Each year our church transforms its front yard into a giant pumpkin patch. It’s one of the more popular fundraising and community outreach events that my congregation does. In my search for relevant metaphors, I’ve wondered, what does this pumpkin patch tell us about God and God’s community?

Our pumpkin patch contains all sorts of pumpkins, both the traditional orange kind and several types of green pumpkins. We offer both pumpkins and gourds. We have every size of pumpkin you could want, from the largest pumpkins that could be a chair, to those we’d use for a pie, to the very small, cute kind that you can put on a fireplace mantel.

In the variety of the pumpkins, we get a sense of God the creator who doesn’t stop at just one possibility. We get a sense that in God’s creation there’s room for every kind of pumpkin.

Those pumpkins don’t come off the truck by themselves. Our church must provide the labor to get the pumpkins to where we want them to be. When I helped unload the pumpkins last year, I thought, “I’ve never felt like a part of a more seamless Christian community than I do right now.”  

That’s not exactly true. But the times that shine in my memory are times of similar service: serving dinner to the homeless, doing a winterization project for homes of the poor in the inner city, working together to create a wonderful vacation Bible school experience for children. 

Unloading the pumpkins also reminds me of something else that I cherish about church communities: At their best, there is room for everyone. The littlest ones can carry pumpkins, if they want to help that way. Those of us without the strength to carry pumpkins can help sell them. 

I think of myself as having no upper-body strength, but clearly I’m wrong. By the end of an October night, I had carried at least 400 pumpkins.

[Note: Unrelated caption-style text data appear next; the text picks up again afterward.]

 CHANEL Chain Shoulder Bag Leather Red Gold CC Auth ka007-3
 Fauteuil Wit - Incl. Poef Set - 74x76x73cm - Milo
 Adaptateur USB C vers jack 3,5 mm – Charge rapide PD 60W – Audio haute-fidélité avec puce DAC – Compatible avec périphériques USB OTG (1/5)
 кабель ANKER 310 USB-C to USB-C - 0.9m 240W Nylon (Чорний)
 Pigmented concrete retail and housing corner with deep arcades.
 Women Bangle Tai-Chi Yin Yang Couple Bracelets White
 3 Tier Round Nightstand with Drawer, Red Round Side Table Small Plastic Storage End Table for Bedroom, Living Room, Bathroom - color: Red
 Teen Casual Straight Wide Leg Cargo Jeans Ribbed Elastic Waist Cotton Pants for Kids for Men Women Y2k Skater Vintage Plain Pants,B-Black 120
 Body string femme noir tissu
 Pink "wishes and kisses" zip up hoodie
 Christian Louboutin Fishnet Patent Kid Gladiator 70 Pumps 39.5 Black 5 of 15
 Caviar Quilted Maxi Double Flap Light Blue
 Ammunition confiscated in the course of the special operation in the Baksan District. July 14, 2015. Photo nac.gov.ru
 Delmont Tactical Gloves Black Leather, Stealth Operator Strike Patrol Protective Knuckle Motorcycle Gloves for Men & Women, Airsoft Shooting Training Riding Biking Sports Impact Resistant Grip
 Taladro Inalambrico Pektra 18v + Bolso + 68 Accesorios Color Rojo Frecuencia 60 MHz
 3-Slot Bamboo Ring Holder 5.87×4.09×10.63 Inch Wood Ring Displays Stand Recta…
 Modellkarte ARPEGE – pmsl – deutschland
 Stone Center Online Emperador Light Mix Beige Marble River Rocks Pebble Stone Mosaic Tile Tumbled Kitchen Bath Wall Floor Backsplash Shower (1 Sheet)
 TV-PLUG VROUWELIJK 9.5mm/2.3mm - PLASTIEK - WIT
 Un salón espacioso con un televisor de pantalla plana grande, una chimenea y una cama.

I would not have expected that I could do that since I can’t do 10 pushups at a time without my arms screaming at me. And yet, it needed to be done, and so I kept moving the pumpkins and pushing through my fatigue. At the end of the night, although I was exhausted and covered in dirt and pumpkin gunk, I felt an exhilaration that I hadn’t anticipated. Similarly, God has plenty of surprises for us. 

As I cradled those pumpkins, which so resemble human heads, I felt a strange tenderness toward them, the tenderness that I imagine God feels toward us all. In some ways, pumpkins are so sturdy and yet so fragile. All it takes is one slip and the pumpkin is rendered useless, a pulpy mess of slime and gunk. And yet, even from that accident could come new life, if one planted the pumpkin seeds. From that one pumpkin, we could grow a whole new patch, life out of death.

As I drove home after we unloaded the pumpkins, I thought about all the ways I was surrounded by evidence of God's grace: an abundance of pumpkins, a great group of fellow workers, the beautiful sunset, the almost full moon, the exuberant children, blessing after blessing. I felt gratitude for my healthy body that could carry all those pumpkins. I said a prayer for those who had grown and harvested the pumpkins in a distant field in New Mexico. I went home to wash the pumpkin gunk and soil off me, and I felt additional gratitude for warm water and a cold swimming pool in which to soak my sore feet. I felt more appreciation than usual for my soft bed and clean sheets.

The next morning, I woke up with very sore arms and a soul singing with gratitude. I said hello to the pumpkins I brought home, pumpkins that won't be here very long.

None of us will be here very long. I want to adopt a more sacramental approach to life. I want to see evidence of God's grace all around me, in the lowliest gourd, in the greatest pumpkin, in every human who crosses my path.